HUMAN RIGHTS COMMITTEE
Z. P. v. Canada
Communication No. 341/1988
11 April 1991
Submitted by: Z. P. (name deleted)
Alleged victim: The author
State party concerned: Canada
Date of communication: 12 April 1988 (date of initial letter)
The Human Rights Committee, established under article 28 of the International Covenant on Civil and Political Rights,
Meeting on 11 April 1991,
Adopts the following:
Decision on admissibility
1. The author of the communication (first submission dated 12 April 1988 and subsequent correspondence) is Z. P., a Yugoslav citizen formerly residing and employed in Montreal, Canada, at present residing in Yugoslavia. He claims to be the victim of a violation of his human rights by Canada. Although he does not specifically invoke the International Covenant on Civil and Political Rights, it appears from his submissions that his allegations relate to articles 9 and 14 of the Covenant.
The facts as submitted by the author
2.1 The author, a technician in civil engineering, lived in Canada from September 1970 to December 1981, and was employed with a Montreal engineering company as an industrial draftsman. In December 1981, he was deported to Yugoslavia.
2.2 The author was accused of having raped, in 1978 and 1979 respectively, two Canadian women, F. B. and H. R. On 30 April 1979, he was sentenced to three years' imprisonment for the rape of F. B. and on 26 March 1980, he was sentenced to seven years' imprisonment for the rape of H. R. In both instances, Z. P. claimed to be innocent of the charges.

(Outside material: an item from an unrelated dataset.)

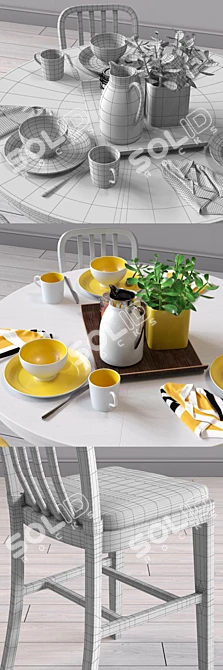 Elegant C&B Delta Dining Set 3D model image 3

2.3 In the case of F. B., the author was formally charged with rape by the Montreal Urban Community Police on 11 July 1978. Z. P. was assigned to a legal representative, Maître J. C., and asked for a trial by jury. On 20 December 1978, he instead opted for a trial before a single judge. His trial started before the Montreal Court of Assizes (Cour des Sessions de la Paix) on 29 March 1979. On 10 April 1979 he was found guilty as charged and the sentence was pronounced on 30 April 1979. On 8 May 1979, Z. P. applied for leave to appeal against his conviction to the Québec Court of Appeal; two days later, the Court of Appeal granted leave to appeal. On 21 March 1980, the transcript of the proceedings and the evidence before the court of first instance were submitted to the Court of Appeal, which heard the appeal on 19 January 1981 and dismissed it on 13 February 1981. On 13 March 1981, Z. P. sought leave to appeal to the Supreme Court of Canada; the Supreme Court refused leave to appeal on 22 June 1981.
2.4 In the case of H. R., the author was arrested on 25 March 1979 and charged with rape the following day, i.e., three days before the beginning of his trial on the case of F. B. Z. P. was represented by the same lawyer who defended him in the case of F. B., and he again initially asked for a trial by jury. On 23 April 1979, he changed his mind and opted for a trial before a single judge; a trial in camera was ordered at the request of the prosecutor. On 26 April 1979, the author's lawyer, Maître J. C., asked to be removed from the case relating to the rape of H. R., and several lawyers handled later stages of the case.
2.5 On 15 November 1979, Z .P. applied for permission to assume his own representation and entered a plea of not guilty. A lawyer representing the Yugoslav Embassy in Canada acted as his counsel. The case was heard between 15 November 1979 and 28 February 1980; on 29 February 1980, Z. P. was found guilty as charged; sentence was passed on 26 March 1980. On 16 May 1980, the author filed a formal notice of application for permission to appeal against conviction and requested an extension of the deadline as well as a judicial review. His case was heard on 15 September 1980 and dismissed on 26 September 1980. The author then sought leave to appeal to the Supreme Court but his petition was denied on 22 June 1981.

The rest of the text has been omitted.